“How can I tell how you may take it, whether it will commend itself to you or not? There might still be an arrangement by which things might be—tided over.”
“After it gets into the papers and it is known that you have been concealing——”
“Oh,” she cried again, “you are more dull than I gave you credit for being, Charley Meredith! Who will notice up in Liverpool a romantic story (which is all the papers will make of it) occurring in St. John’s Wood? Who will link one thing to another and understand exactly what has happened, or believe that—— I might have taken him in, a miserable wreck, out of sheer love and kindness. I did! I did!” she cried, suddenly, her face melting out of its hardness, her eyes filling with tears. “You may not believe me, but I did. I thought he had not a penny. I went to all the expense of fitting up the wing for him—working with my own hands at it, that nobody should suspect—believing that Vicars had brought him back with his own money—that he had none—— I did, though you may not believe me,” she said.
“I have not said I did not believe you.

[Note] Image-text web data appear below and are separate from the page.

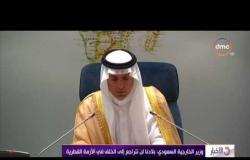 الأخبار - وزير الخارجية السعودي : بلادنا لن تتراجع إلى الخلف في الأزمة القطرية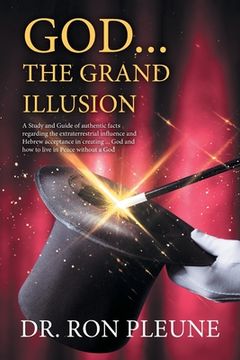 portada God...the Grand Illusion: A Study and Guide of authentic facts regarding the extraterrestrial influence and Hebrew acceptance in creating ... Go (en Inglés)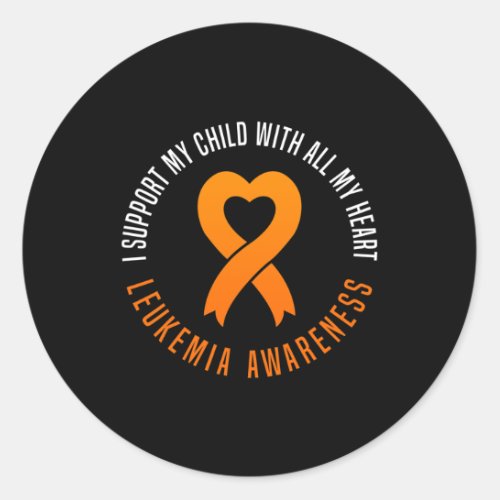 Awareness I Support My Child With All My Heart  Classic Round Sticker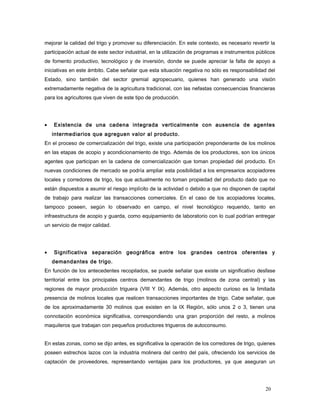 mejorar la calidad del trigo y promover su diferenciación. En este contexto, es necesario revertir la
participación actual de este sector industrial, en la utilización de programas e instrumentos públicos
de fomento productivo, tecnológico y de inversión, donde se puede apreciar la falta de apoyo a
iniciativas en este ámbito. Cabe señalar que esta situación negativa no sólo es responsabilidad del
Estado, sino también del sector gremial agropecuario, quienes han generado una visión
extremadamente negativa de la agricultura tradicional, con las nefastas consecuencias financieras
para los agricultores que viven de este tipo de producción.
• Existencia de una cadena integrada verticalmente con ausencia de agentes
intermediarios que agreguen valor al producto.
En el proceso de comercialización del trigo, existe una participación preponderante de los molinos
en las etapas de acopio y acondicionamiento de trigo. Además de los productores, son los únicos
agentes que participan en la cadena de comercialización que toman propiedad del producto. En
nuevas condiciones de mercado se podría ampliar esta posibilidad a los empresarios acopiadores
locales y corredores de trigo, los que actualmente no toman propiedad del producto dado que no
están dispuestos a asumir el riesgo implícito de la actividad o debido a que no disponen de capital
de trabajo para realizar las transacciones comerciales. En el caso de los acopiadores locales,
tampoco poseen, según lo observado en campo, el nivel tecnológico requerido, tanto en
infraestructura de acopio y guarda, como equipamiento de laboratorio con lo cual podrían entregar
un servicio de mejor calidad.
• Significativa separación geográfica entre los grandes centros oferentes y
demandantes de trigo.
En función de los antecedentes recopilados, se puede señalar que existe un significativo desfase
territorial entre los principales centros demandantes de trigo (molinos de zona central) y las
regiones de mayor producción triguera (VIII Y IX). Además, otro aspecto curioso es la limitada
presencia de molinos locales que realicen transacciones importantes de trigo. Cabe señalar, que
de los aproximadamente 30 molinos que existen en la IX Región, sólo unos 2 o 3, tienen una
connotación económica significativa, correspondiendo una gran proporción del resto, a molinos
maquileros que trabajan con pequeños productores trigueros de autoconsumo.
En estas zonas, como se dijo antes, es significativa la operación de los corredores de trigo, quienes
poseen estrechos lazos con la industria molinera del centro del país, ofreciendo los servicios de
captación de proveedores, representando ventajas para los productores, ya que aseguran un
20
 
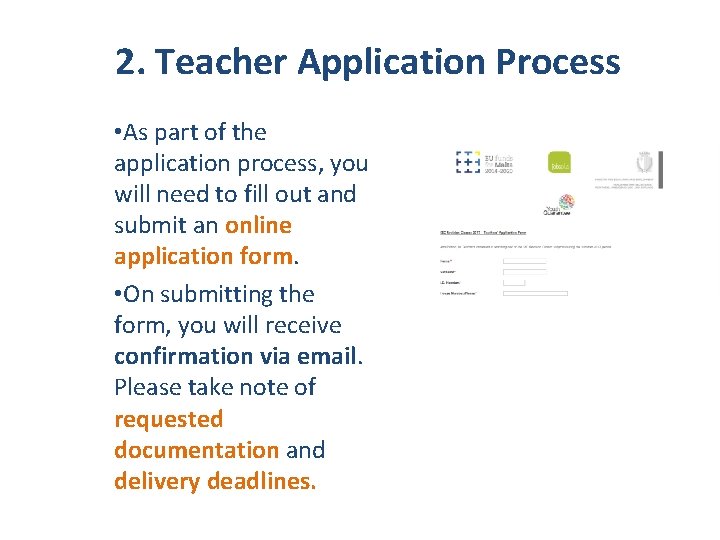 2. Teacher Application Process • As part of the application process, you will need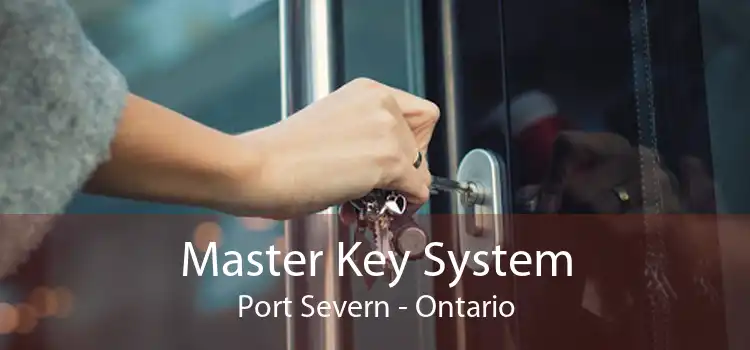 Master Key System Port Severn - Ontario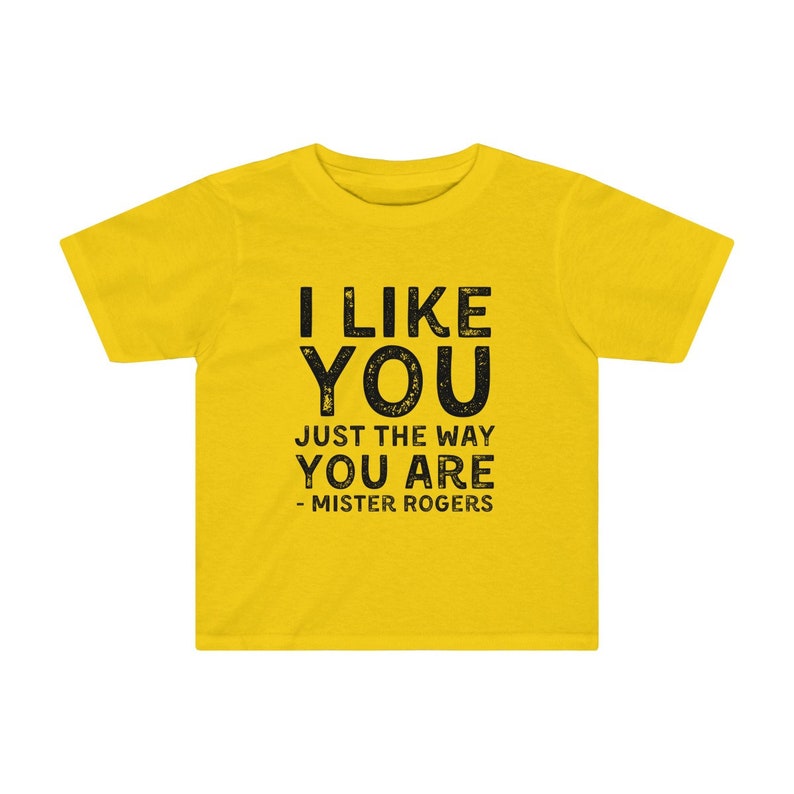 Mr Rogers Wisdom Toddler Shirt with Mister Rogers/'s Quote Encouraging Kids Clothing I Like You Just the way You Are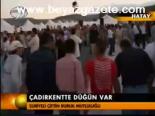 Çadırkentre Düğün Var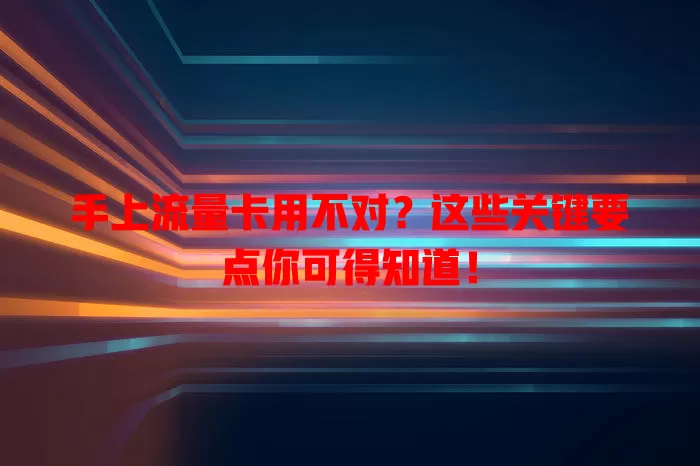 手上流量卡用不对？这些关键要点你可得知道！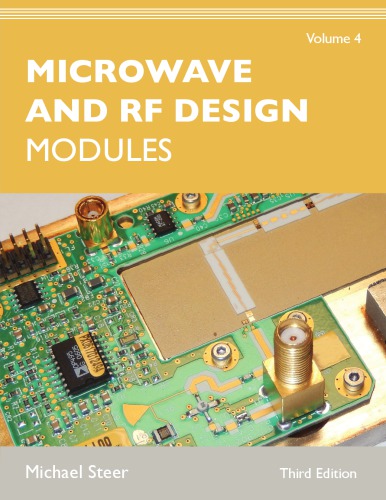 Microwave and RF Design, Volume 4: Modules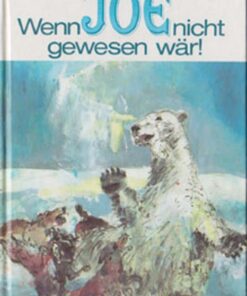 Wenn Joe nicht gewesen wär!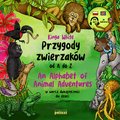 Języki i nauka języków: Przygody zwierzaków od A do Z. An Alphabet of Animal Adventures w wersji dwujęzycznej dla dzieci - audiobook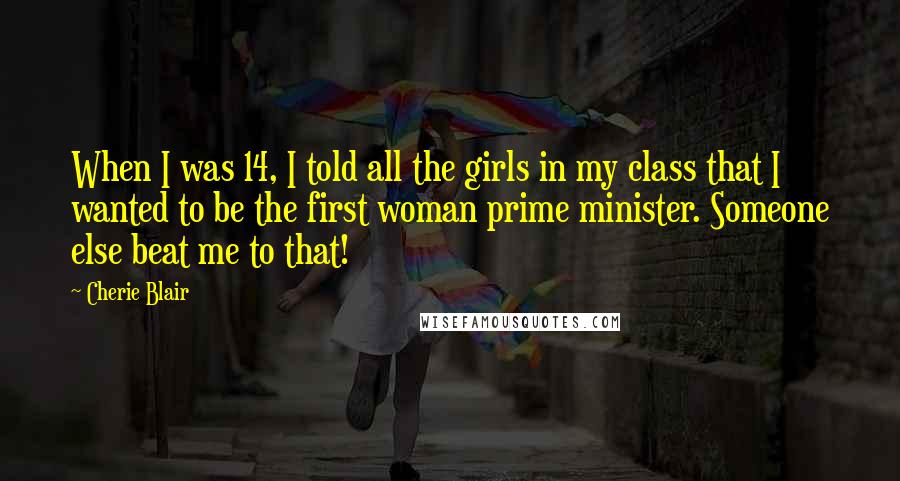 Cherie Blair Quotes: When I was 14, I told all the girls in my class that I wanted to be the first woman prime minister. Someone else beat me to that!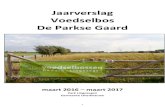Jaarverslag Voedselbos De Parkse Gaard · 5 Inleiding De Parkse Gaard is een voedselbos in de groei, dat voor een groot deel aangeplant is in het vroege voorjaar van 2016. Voorjaar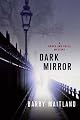 Dark Mirror: A Brock and Kolla Mystery (Brock and Kolla Mysteries)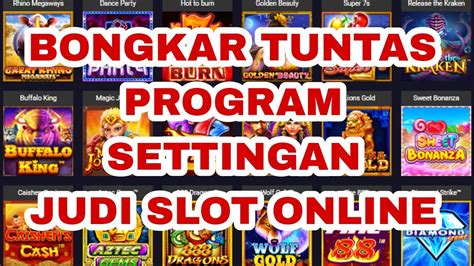 BONGKAR TRIK DAN SETTINGAN PROGRAM JUDI SLOT ONLINE FAHAMI DAN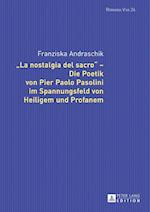«La Nostalgia del Sacro» - Die Poetik Von Pier Paolo Pasolini Im Spannungsfeld Von Heiligem Und Profanem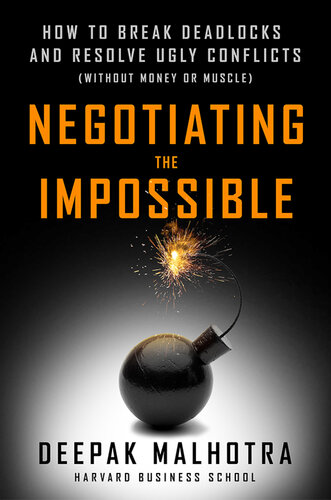 Navigating the Impossible: How to Break Deadlocks and Resolve Ugly Conflicts (without Money or Muscle)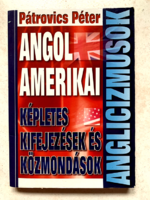 Anglicizmusok - Angol, amerikai képletes kifejezések és közmondások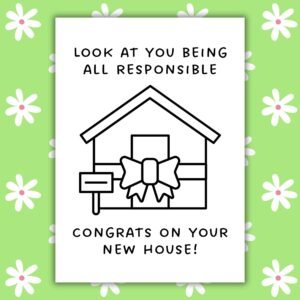 New Home Card - Congrats on Your New House, Look at You Being All Responsible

We are all very queer creatures—mixed up. And then when you found he had that old pocketbook—for it was full of something better than old papers then—you were tempted, and you——”
She nodded her head; then said, after a while,
“I do not accept that formula. I was tempted—and I did what I had a right to do. I had wronged nobody—I knew nothing about the debts. If I had divided that among them, what would it have been?—a trifle to each, but enough to dry up all the sympathy they were meeting with. He had made ducks and drakes of more than that belonging to me. And the children were the most deeply wronged. I took it for their sakes, to make up what they had been robbed of. It can go to the others now, and you will see how much it will be.”
“You said something,” said Meredith, “about an arrangement that might still be made?”
“Yes—if you could lend yourself to it, Charley. It could not be done without you.”
“I cannot tell whether I could lend myself to it or not, until I hear what it is.”
She looked at him, and two or three times made as if she would speak, but shut her lips again. Her eyes searched his face with an anxious expression.